- [GIVEN DATA]:
···

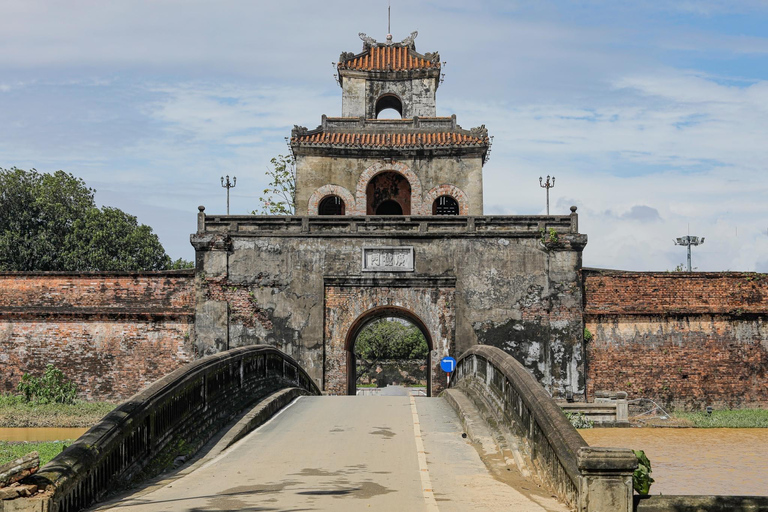 Da Nang/Hoi An: Odkryj najlepsze miejsca światowego dziedzictwa w Hue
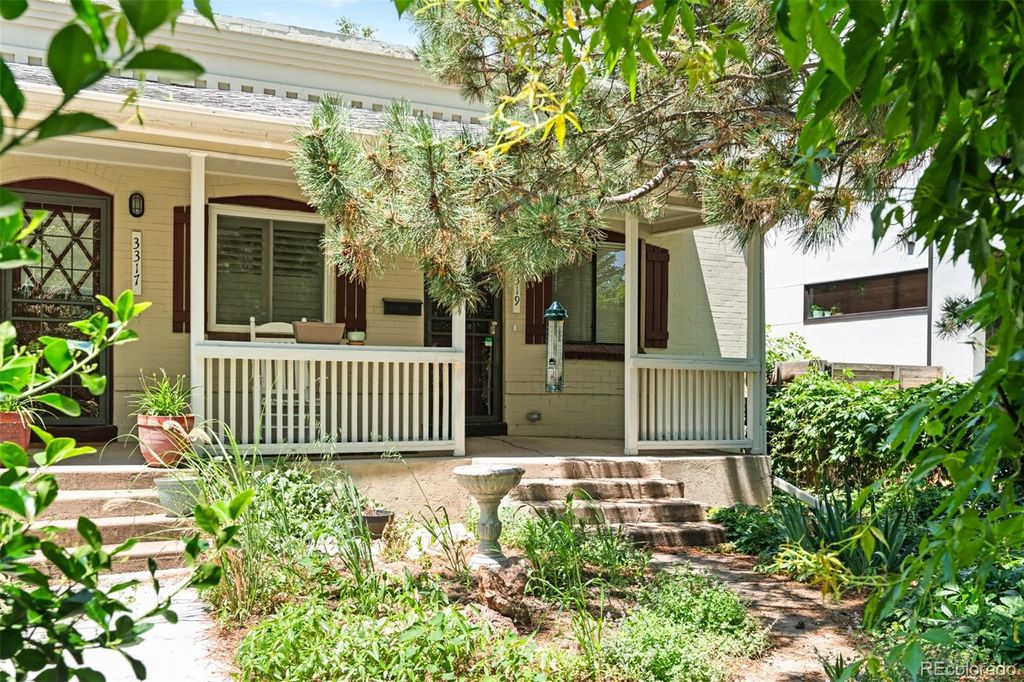 Photo of 3319 Newton Street, Denver, CO 80211 (MLS # 2007578)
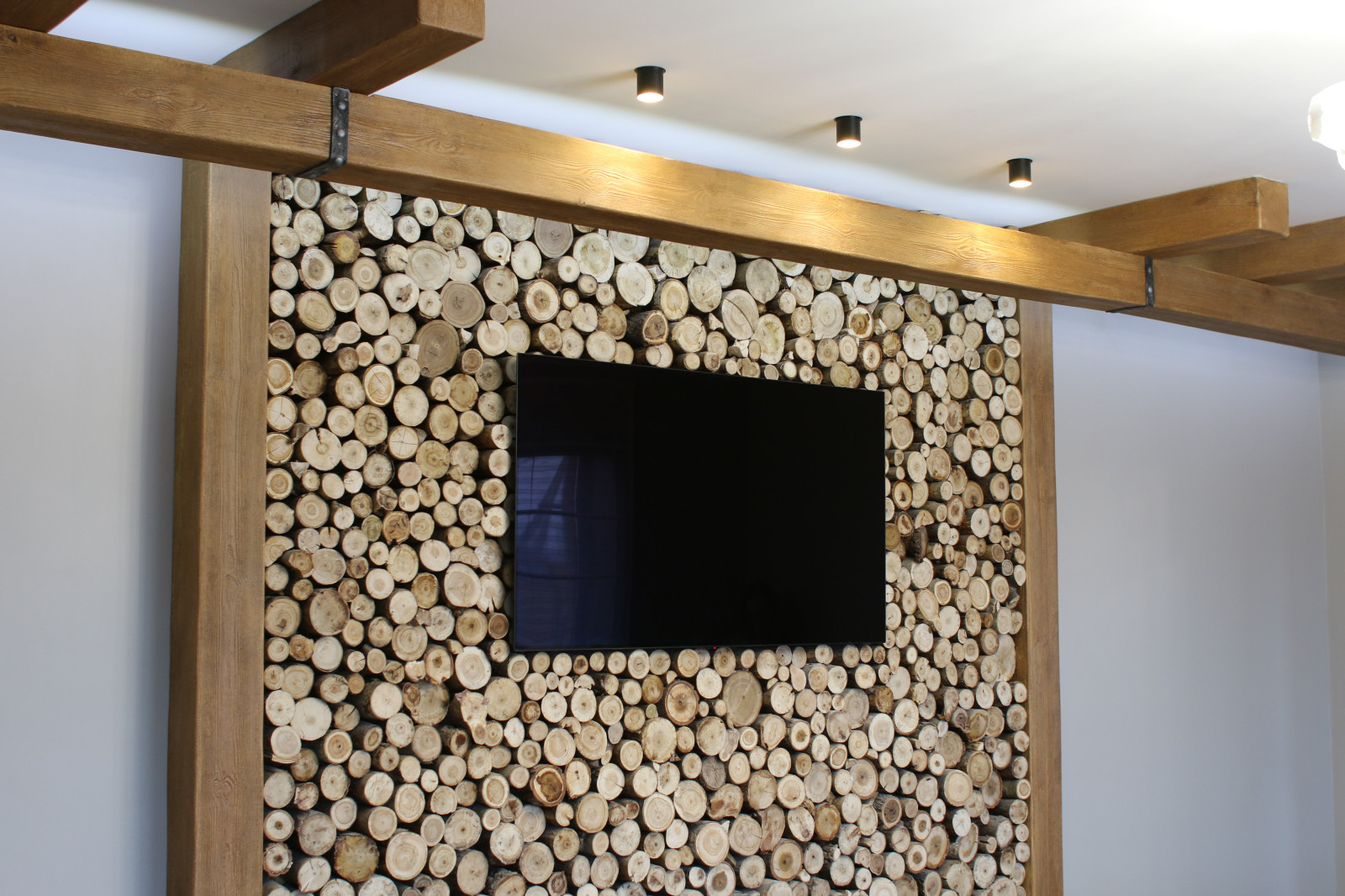 Гостевой дом в загородном доме.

···

- [WHAT NEEDS TO BE DONE]: The listing is to be reproduced in full and exactly, except that its pictures are to be dropped.

- [RESULT OF THE EXERCISE]:
 Da Nang/Hoi An: Odkryj najlepsze miejsca światowego dziedzictwa w Hue
 Photo of 3319 Newton Street, Denver, CO 80211 (MLS # 2007578)
 Гостевой дом в загородном доме.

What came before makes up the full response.